A murmur of agreement rippled around the room, followed by a lingering silence. Boricio didn’t press it. A long silence was exactly what Jack needed to be drawn into talking. Finally, he drew a deep breath and let it spill.
“Day before I hit the church I saw something moving off the side of the road. Crazy-looking and not quite right, a bit like road kill, but longer, more human. I slowed as I got closer, and sure as the shits at a chili cook off, it was wearing people clothes. I got out, real slow ‘cuz it was just laying there, but laying there all wrong, if you know what I mean, though you probably don’t. I was halfway to it before I thought to go back and grab the Winchester from the Honda. I tiptoed to the thing, and about lost it when I got up close. It was black and white, dirt and light. The grimiest, scariest, living scarecrow of a creature I ever saw, and I worked at a slaughterhouse for two years. The thing started making all sorts a unholy sounds, and then it tried to get up. I don’t even know if it could have, but I emptied the rifle into it before I got the chance to find out. I put every bullet where its face should’ve been, just in case. Then I saw another creature just like it later that night. So the short of it is, I’m with the kid; maybe this place right here ain’t so bad after all.”

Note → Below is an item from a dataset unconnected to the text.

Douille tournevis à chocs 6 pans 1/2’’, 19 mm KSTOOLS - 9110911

No one spoke, then Moe said, “Anyone else see these jitterbugs?”
A chorus of yeses followed, Boricio’s included, though he added his last, and he was lying.

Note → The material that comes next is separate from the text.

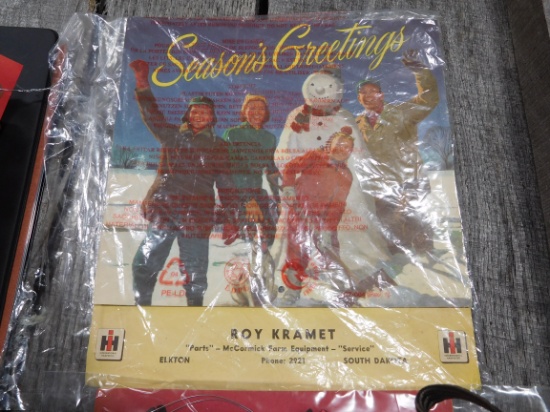 1953 "KRAMET" CALENDAR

These Mexican bean jittery fuckers don’t sound like no soldiers of any sort. They sound like some kind of accident, courtesy of whatever Armageddon dipshit let the fries burn in the first place.

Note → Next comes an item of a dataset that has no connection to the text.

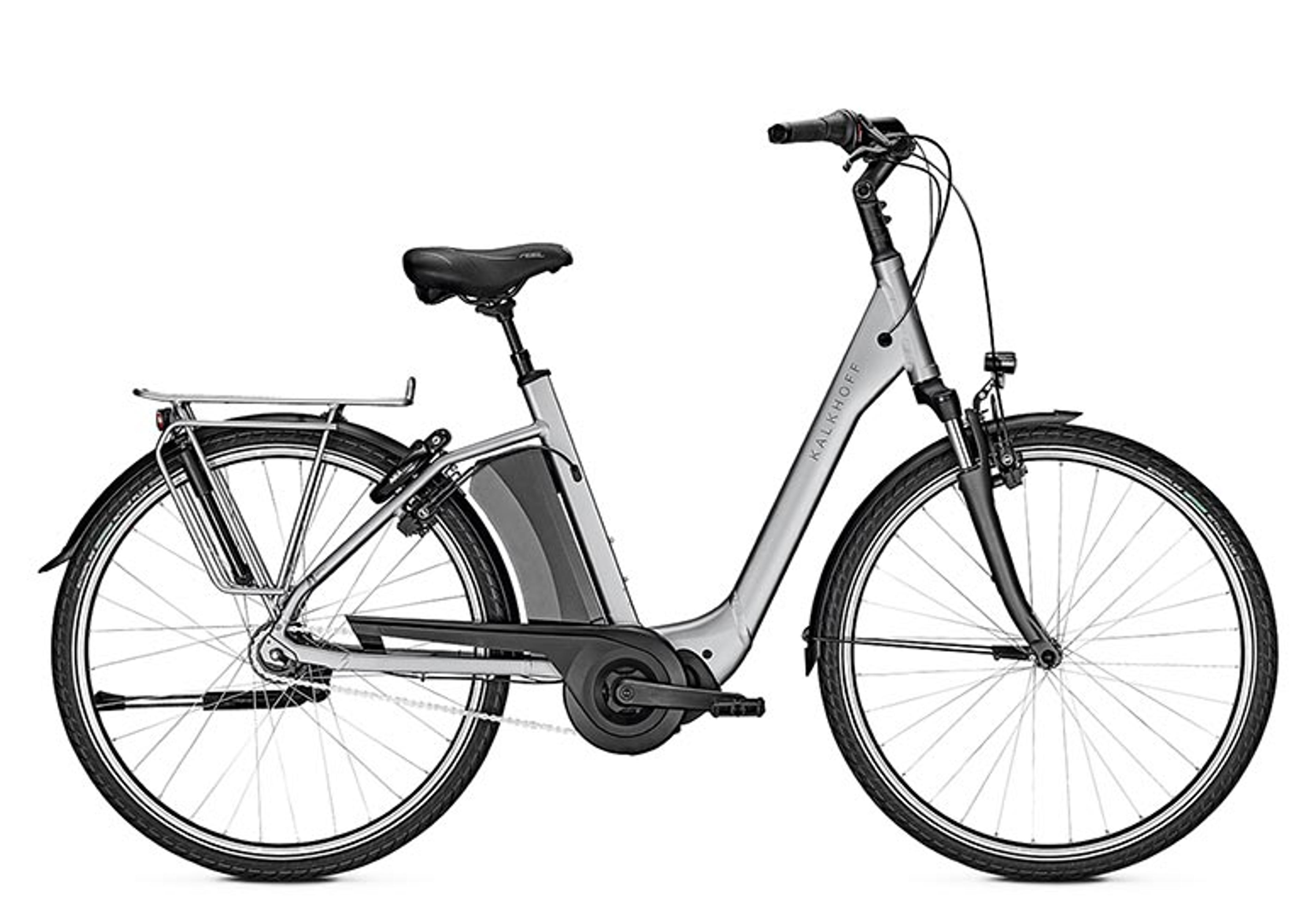 Kalkhoff Agattu 3.S Move E-Citybike (silber) 1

“I seen worse,” Adam said. “I seen a bunch of them things. First one was in my house. I swore the thing was coming for my old man. Would’ve sworn on a stack a Holy Bibles a foot high. I thought the Devil had come to bring him home, and I ran from the house as soon as I saw it. I ran straight for the gorge, since that’s where I like to go when I don’t want to be found, and I saw six or seven more on the way. When I got there, I couldn’t believe what I saw — a couple dozen more of them things just quivering at the entrance. And just past them, that was the scariest shit I ever seen. There were bodies, dead people, hundreds, maybe even thousands. All of ‘em stacked. Stacked so high you wouldn’t believe. It looked like ... ”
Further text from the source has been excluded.